Softwood, hardwood and engineered flooring - what’s the difference?
Ever heard the saying ‘buy cheap, pay twice’? Well, softwood typically grows at a faster rate than hardwoods, making it a more affordable flooring option, at least initially. However, it is also more prone to dents, scratches and knots than hardwood and engineered flooring - making it a less preferable option for those with long-term use in mind.
Wooden floors are also fairly low maintenance once installed. They are easily vacuumed or cleaned every so often; an ideal product for this perhaps being Sylva Cleaner. In its lifetime, only very occasionally would a wooden floor need to be refinished.
Solid hardwood is exactly what it says it is - wood all the way through, with no other components. Solid hardwood presents a better option than softwood for flooring; it will withstand daily wear and tear - dents and scratches won’t be as big of an issue - whilst also providing more fire-resistance and a much longer lifespan.
Several species of Duffield’s solid hardwood flooring: No plywood here, and notice the grooves underneath? These relieve stress in the planks, preventing some of the movement of boards.

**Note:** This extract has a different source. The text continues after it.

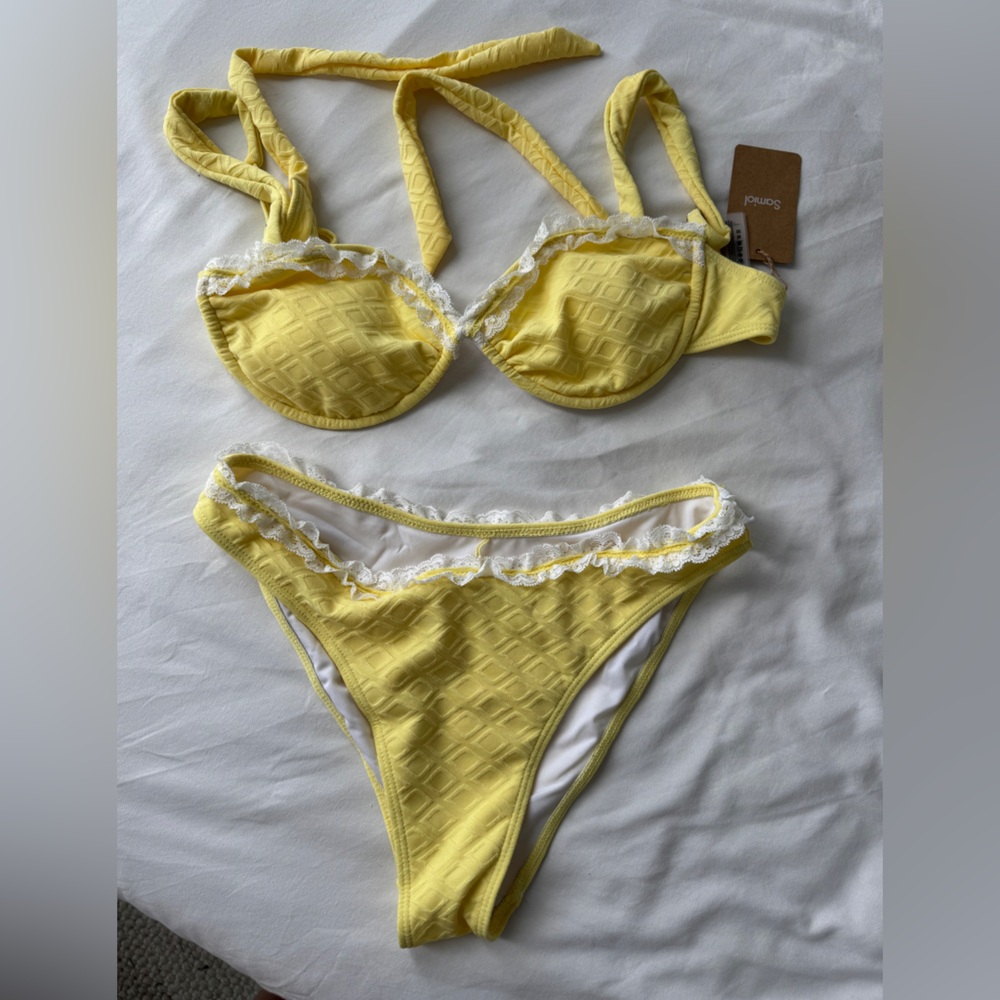 Yellow Lace Trim Bikini - size large (fits medium)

Engineered flooring, not to be confused with laminate and vinyl flooring, is also an incredibly durable option. Because it is made from a core of plywood with a layer of hardwood veneer on top, it can come in a range of finishes, styles and grades, achieving a stunning, natural look. Though aesthetically similar to hardwood, different grades of engineered flooring can differ slightly from solid hardwood flooring.
Price differs according to the quality of the engineered flooring, typically between £30m² and £90m². There are three main different qualities of engineered flooring; this is based on the amount of plywood layers it carries as well as the thickness of the hardwood layer is has on top.
• 3 plies: This is the the lowest - and cheapest - grade of engineered flooring. It has a base consisting of 3 layers of ply and a hardwood layer around 1-2mm thick.
• 5 plies: The mid-range grade. This has a base of 5 layers of ply and a hardwood cap of 3mm.
• The top of the range in terms of engineered flooring is usually 9 or 10 layers of ply in the base and a hardwood top between 6-7mm. The Reeve flooring that supplied here at Duffield, for example, consists of 10 plywood layers and a cap of 6mm. We also offer Reeve flooring on a 5-ply base.
Some of our 20mm thick Reeve engineered flooring planks: Note the 6mm hardwood cap sitting on top of the layered plywood core.
In terms of practicality, engineered floorboards excel. Their uses are numerous, such as with underfloor heating, as well as in areas of a building that may be prone to moisture (such as a kitchen or conservatory) where engineered wood won’t be affected. However, solid hardwood flooring may contract or expand, especially when used above underfloor heating and in moist conditions - so factor this in. We do not recommend that you use either solid or engineered flooring in your bathroom!
In areas of high footfall, such as in a commercial property or a well-used area of the home (hallway or living room), solid hardwood flooring may be a better option. It can withstand much more use, packing a higher density. However, 5-ply and 9-ply engineered flooring, which we pointed out earlier, may still be suitable; they have a thick enough hardwood cap allowing the planks to be sanded and refinished.
Considering the environmental impact
In comparison to other flooring options such as carpeting, which will need to be replaced every five to ten years, all types of timber flooring represent an environmentally friendly option as wood is a renewable resource.
Top-tip: to ensure the wood you’re buying is eco-friendly, be mindful to use an FSC-certified timber merchant (ahem, like us!).
As engineered flooring only has a layer of hardwood on top, it proves a more environmentally friendly option than solid hardwood, where the whole floorboard is solid timber. Having said that, if you have your heart set on traditional solid hardwood flooring, why not choose a more sustainable type of timber such as oak or pine, instead of more exotic options like Wenge or Zebrano (whilst potentially saving a pretty penny, too)?
What about cost?
Wooden flooring can quite usually be sorted into three pricing tiers: low price range in the region of £25-£35m², mid-range £35-£45m² and high range £45-£90m².
The 3-ply engineered flooring is yours at the lowest price. In the mid-range are 5-ply engineered and the more usual solid hardwood floor species (e.g. Ash, Oak, Elm). Towards the higher end of the range, you will find the 9-ply engineered floors and the more exotic species of solid hardwoods (think Zebrano, Wenge, Black Walnut).
For the keen DIY-ers out there, or those looking for a cheaper installation fee, engineered flooring is a better option. This is because it lends itself to numerous methods of installation, including stapling, nailing, gluing or even floating - it can also have a click together system!
The choice is yours...
Putting it simply, there really is no right or wrong answer. Your choice, however, may be influenced by your budget, practical needs and aesthetic vision.
Looking for a floor that guards itself more against moisture and frequent changes is temperature, perhaps in a kitchen with underfloor heating? Opt for the engineered wood. Want the classic look that will last a lifetime? A traditional solid hardwood floor could be the right fit.